STREAMERS (1983). Director: Robert Altman.
First a contemporary review of the play the film was based on:
"Streamers" is David Rabe's award-winning play set in an Army Barracks in Virginia in 1965, concerning young soldiers who are preparing to be sent to Viet Nam. If Rabe had stuck to that subject alone this might have amounted to something. Instead he decides to substitute sexual tension for by now cliched racial tension, and introduces a flip, half-out-of-the-closet gay character who is pining away for another hung-up soldier, while two blacks, one of whom is crazy and gay, look on. The problem with this is that even the homosexual situations are by now cliched, and Rabe has nothing new to say on the subject. Although one senses that neither Rabe nor his play are necessarily homophobic, in order to attain realism, most of the viewpoints expressed on the subject are negative. The gay characters are ultimately unpleasant. We keep waiting for Rabe to say something different, to approach a new area, but all he does is introduce us to two drunken older men who rhapsodize about "streamers"—men whose parachutes don't open. Even the violence that occurs at the climax does not really come out of the underlying tensions of the situation. Rabe simply opts for the bring-in-the psychopath ploy. The violence may have been set off by one man's reaction to the sex act about to be performed between the flip gay and the psycho-black, but it is clear that the black has a screw loose and probably would have been set off eventually by just about anything.
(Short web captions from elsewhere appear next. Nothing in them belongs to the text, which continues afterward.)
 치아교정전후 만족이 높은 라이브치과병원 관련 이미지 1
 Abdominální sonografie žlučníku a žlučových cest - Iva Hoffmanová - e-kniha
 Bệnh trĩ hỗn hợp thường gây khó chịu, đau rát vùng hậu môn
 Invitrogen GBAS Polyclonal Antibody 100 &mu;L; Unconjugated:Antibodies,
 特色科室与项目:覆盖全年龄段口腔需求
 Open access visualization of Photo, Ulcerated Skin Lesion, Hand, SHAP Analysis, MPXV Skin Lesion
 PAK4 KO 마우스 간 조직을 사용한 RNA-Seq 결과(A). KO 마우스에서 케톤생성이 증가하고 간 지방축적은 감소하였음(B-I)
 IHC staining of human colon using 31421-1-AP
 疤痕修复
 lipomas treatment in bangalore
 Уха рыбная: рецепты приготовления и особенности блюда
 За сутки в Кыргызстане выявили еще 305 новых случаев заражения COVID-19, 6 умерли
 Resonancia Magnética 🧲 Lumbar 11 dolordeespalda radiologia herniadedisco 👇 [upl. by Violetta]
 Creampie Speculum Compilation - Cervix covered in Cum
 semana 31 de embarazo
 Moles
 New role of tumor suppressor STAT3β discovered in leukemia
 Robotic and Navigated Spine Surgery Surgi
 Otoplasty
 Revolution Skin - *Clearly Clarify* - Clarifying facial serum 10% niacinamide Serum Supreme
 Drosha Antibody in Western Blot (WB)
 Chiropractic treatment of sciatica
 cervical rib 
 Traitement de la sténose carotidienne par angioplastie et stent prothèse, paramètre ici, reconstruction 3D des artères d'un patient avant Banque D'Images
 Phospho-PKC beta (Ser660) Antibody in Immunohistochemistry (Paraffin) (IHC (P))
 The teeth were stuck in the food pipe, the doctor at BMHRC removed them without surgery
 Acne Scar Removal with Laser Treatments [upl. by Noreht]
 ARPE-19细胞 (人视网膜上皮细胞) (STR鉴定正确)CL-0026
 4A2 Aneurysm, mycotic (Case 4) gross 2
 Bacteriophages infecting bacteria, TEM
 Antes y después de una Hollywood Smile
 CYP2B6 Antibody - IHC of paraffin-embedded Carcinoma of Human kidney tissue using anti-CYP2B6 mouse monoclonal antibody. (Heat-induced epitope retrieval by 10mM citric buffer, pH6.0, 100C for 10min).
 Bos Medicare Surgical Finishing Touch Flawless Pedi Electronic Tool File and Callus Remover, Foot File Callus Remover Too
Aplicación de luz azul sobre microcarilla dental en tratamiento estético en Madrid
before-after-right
The play is grim, sometimes moving, sometimes frightening, and effective as a melodrama, complete with assorted contrivances, but not the deep human drama its proponents would have us believe.
Robert Altman's film version is essentially the same as the play, not "opened up" all that much and only somewhat "cinematic." The performances, however are quite good, with Matthew Modine as the doomed Billy, Mitchell Lichtenstein as the flippant gay Richie, David Alien Grier as Roger, and Michael Wright quite vivid as crazy Carlyle. The chief thing that comes across is that -- like in a lot of modern dramas -- there is a lot of yelling to little effect, and that the film, like the play, never really confronts its various issues. It is pseudo-significant. George Dzundza gives the best performance as Sergeant Cokes. There are intimations that his feelings for the dead Rooney (Guy Boyd) are more than platonic, but this, like so much else, goes ultimately unexplored. The way that Billy, whatever his issues, is carted off like so much flotsam at the end, gives the film a certain chilling poignancy. Altman was probably not the best director for the project.
Verdict: Watch Brokeback Mountain instead. **.